My aim is to determine the maximum input current and output current that can flow in the case of a circuit fault. The kind of circuit faults I have in mind are things such as a short circuit or a near-short circuit in the load, or in the inductor or capacitor(s) at the voltage regulator output.
The LM2734 data sheet (rev K) description says it can drive 1 ampere loads (text in sections 1 and 3). Nowhere in the specifications (section 6) is a max Iout given. The "switch current limit" Icl is given as 1.2A to 2.5A, with 1.7A typical under certain conditions. This switch current is that of the internal NMOS switch.
Since I can control the load current through varying the load, but I cannot directly control the switch current, I figure I need to increase the load current to increase the internal switch current. When the switch current reaches the current limit threshold (somewhere in the 1.2A to 2.5A range) the output will be disabled. From that, I will know the load current that led to the current limit shutdown, but I still won't know the corresponding switch current value.
Question 1: Is there a better way to determine the internal switch current limit under my operating conditions?
Question 2: Can we predict the current limit given our specific operating conditions? (Figures 3 and 4 in the data sheet don't match my operating conditions)
Question 3: Is there a calculation or approximation for internal switch current given the load current?
Regards
Carl
  • 0
    TI__Guru**** 191445 points

    Carl,

    First off, the output is not disabled during an over current.  LM2734 uses cycle by cycle current limit, so the high side FET is turned off when the current (which is ramping up during the on time) reaches the current limit point.  It turns on again at the next cycle.  The net effect is that the duty cycle is limited to less than what is required for regulation so the output voltage drops.  The more the load exceeds the limit, the lower the voltage will drop.

    You can calculate the internal switch current:

    Ipk = Iload + 1/2 * ((vout/Vin) * (Vin - Vout) / (Fsw * Lout))

    You cannot predict the exact current limit point from a calculation.  It will be somewhere in between 1.2 A and 1.5 A.  The best practice if you need need the full 1 A load current is to limit your p-p inductor (equal to (vout/Vin) * (Vin - Vout) / (Fsw * Lout)) current to less than 400 mA so that the equation above equals 1.2 A.

    Also if you plan on operating into overload conditions, you should choose your inductor so that the saturation current is above 2.5 A.

    Let me know if you have further questions.

  • 0 in reply to JohnTucker
    Prodigy 130 points

    Hi John.

    In my use case, the current draw will be well below 1 A. What I'm looking into here is the behavior in a fault condition to verify that the current limit works as advertised.

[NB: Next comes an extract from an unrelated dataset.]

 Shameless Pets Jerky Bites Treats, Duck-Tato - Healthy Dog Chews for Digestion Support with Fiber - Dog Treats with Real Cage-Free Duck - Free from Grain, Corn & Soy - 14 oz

I also want to check that when this protection mechanism works, overheating or burning of my external circuit parts is prevented.

    Thanks

    Carl

  • 0 in reply to Carl Ungvarsky
    TI__Guru**** 191445 points

    Carl,

    If you want to check current limit functionality here is how We do it.

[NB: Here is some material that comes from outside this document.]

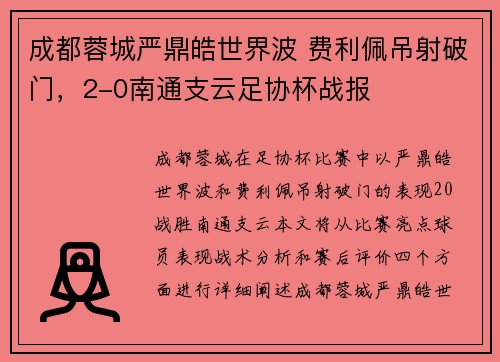 成都蓉城严鼎皓世界波 费利佩吊射破门，2-0南通支云足协杯战报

    You will need to lift the non-switching end of the output inductor and add a wire loop back to the PCB pad long enough to accommodate a clamp on current probe.  You can monitor the output voltage, switch node voltage, and inductor current.  Increase the load current and observe the peak inductor current, which is the same as the switch current reach the current limit point.  Increasing the load current beyond this point will cause the output voltage to decrease.  Eventually, the output will approach O V, put the output current will still be at Icl - ILp-p/2.

    Does this clarify your question?